╭─ Listed records

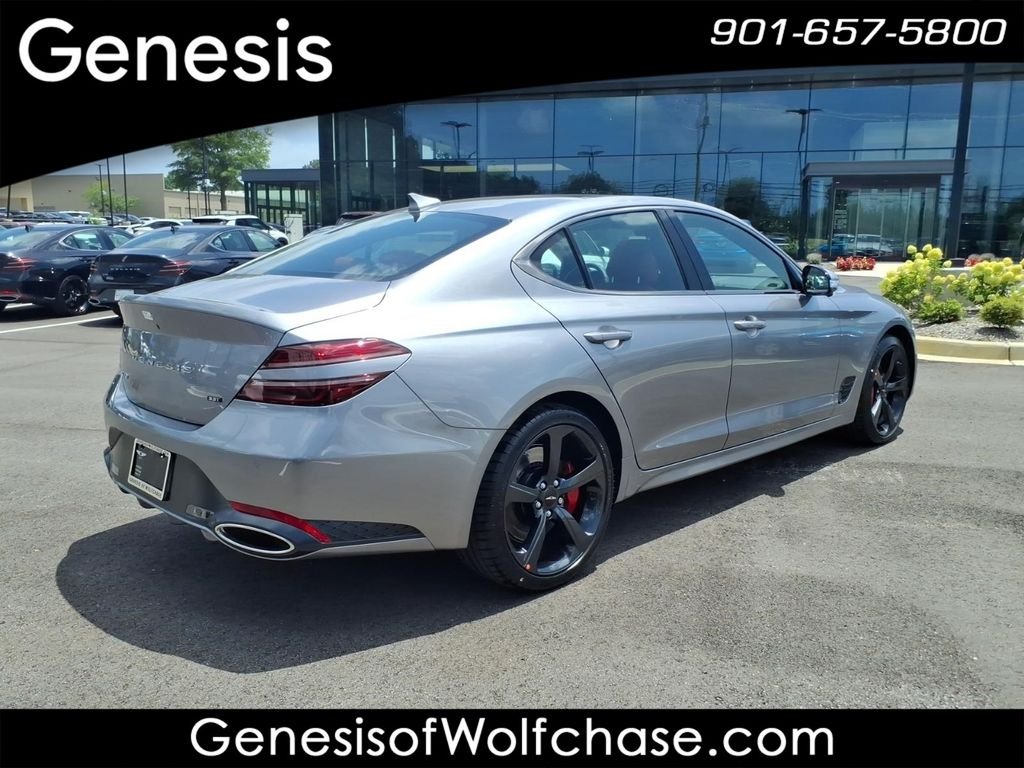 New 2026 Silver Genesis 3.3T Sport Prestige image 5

╰─
╭─ Listed records

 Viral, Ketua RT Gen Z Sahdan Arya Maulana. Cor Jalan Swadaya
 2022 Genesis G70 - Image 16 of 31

╰─

Action item.
What do the lines above say from the one containing "Viral, Ketua RT" down to the one containing "2022 Genesis G70 - Image 16 of 31"? Return them exactly, both end lines included, and only them.

Task solution.
 Viral, Ketua RT Gen Z Sahdan Arya Maulana. Cor Jalan Swadaya
 2022 Genesis G70 - Image 16 of 31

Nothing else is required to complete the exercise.